Web page caption snippets:
________________________________________

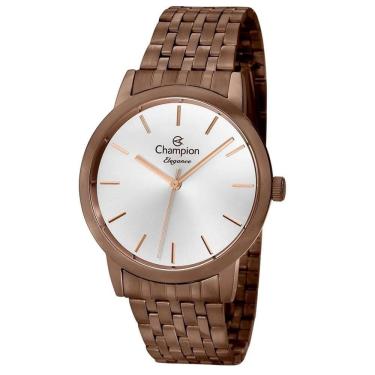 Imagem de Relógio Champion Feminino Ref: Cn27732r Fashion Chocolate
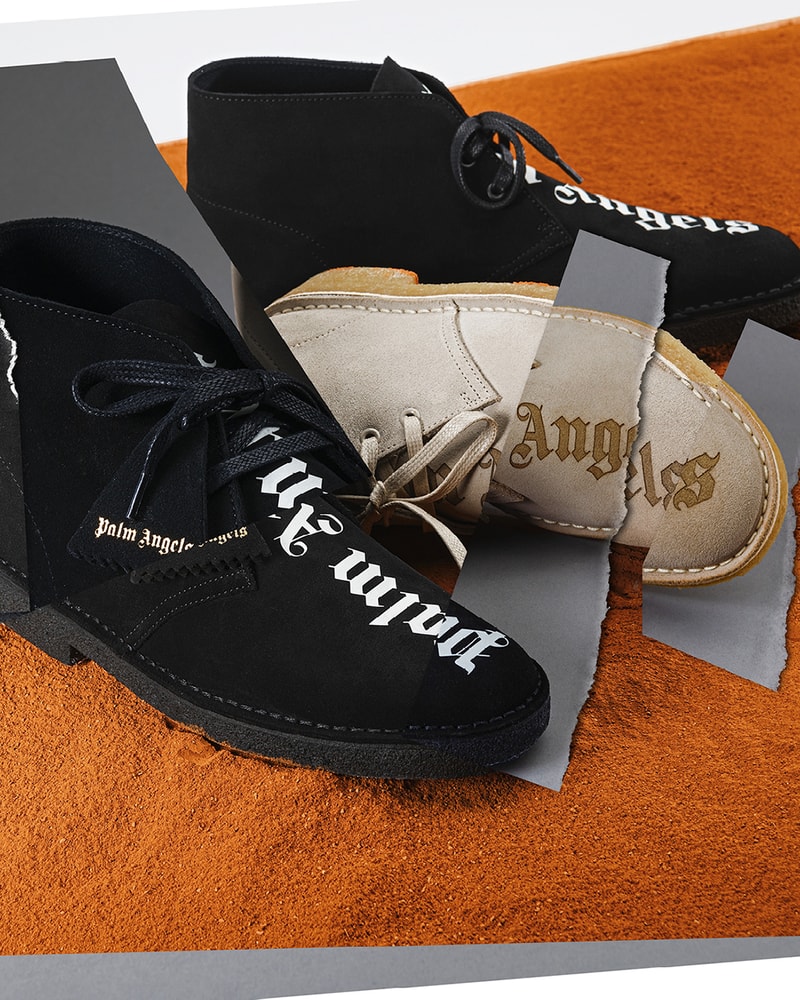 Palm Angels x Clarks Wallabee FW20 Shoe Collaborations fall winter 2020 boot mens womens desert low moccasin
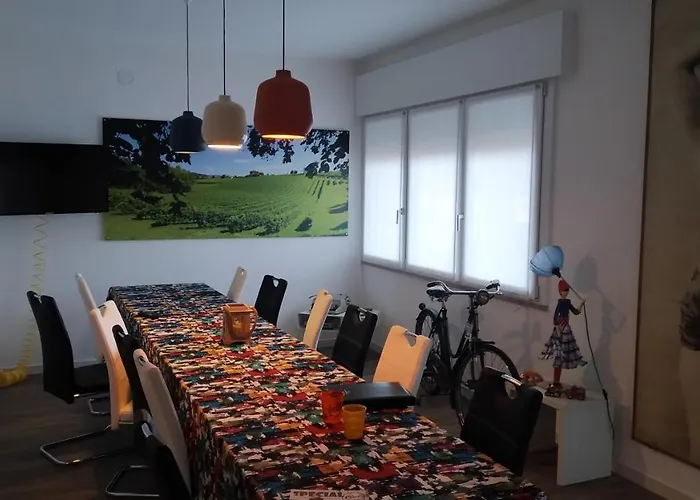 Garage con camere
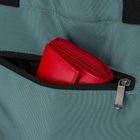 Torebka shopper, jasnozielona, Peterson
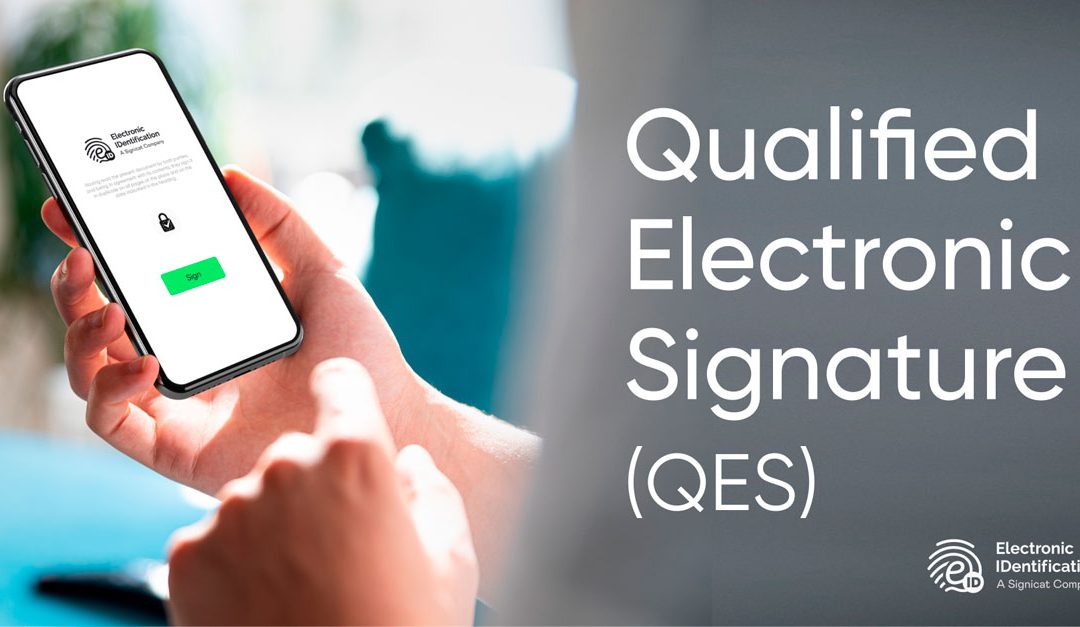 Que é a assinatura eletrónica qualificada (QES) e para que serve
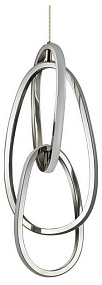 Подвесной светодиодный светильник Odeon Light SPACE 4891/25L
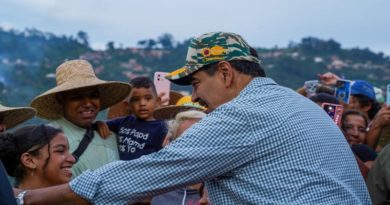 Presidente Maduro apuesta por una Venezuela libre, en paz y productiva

________________________________________

WHAT THIS TASK INVOLVES: The answer must be an exact reproduction of the records, with every picture left out.

WORKED SOLUTION:
 Imagem de Relógio Champion Feminino Ref: Cn27732r Fashion Chocolate
 Palm Angels x Clarks Wallabee FW20 Shoe Collaborations fall winter 2020 boot mens womens desert low moccasin
 Garage con camere
 Torebka shopper, jasnozielona, Peterson
 Que é a assinatura eletrónica qualificada (QES) e para que serve
 Подвесной светодиодный светильник Odeon Light SPACE 4891/25L
 Presidente Maduro apuesta por una Venezuela libre, en paz y productiva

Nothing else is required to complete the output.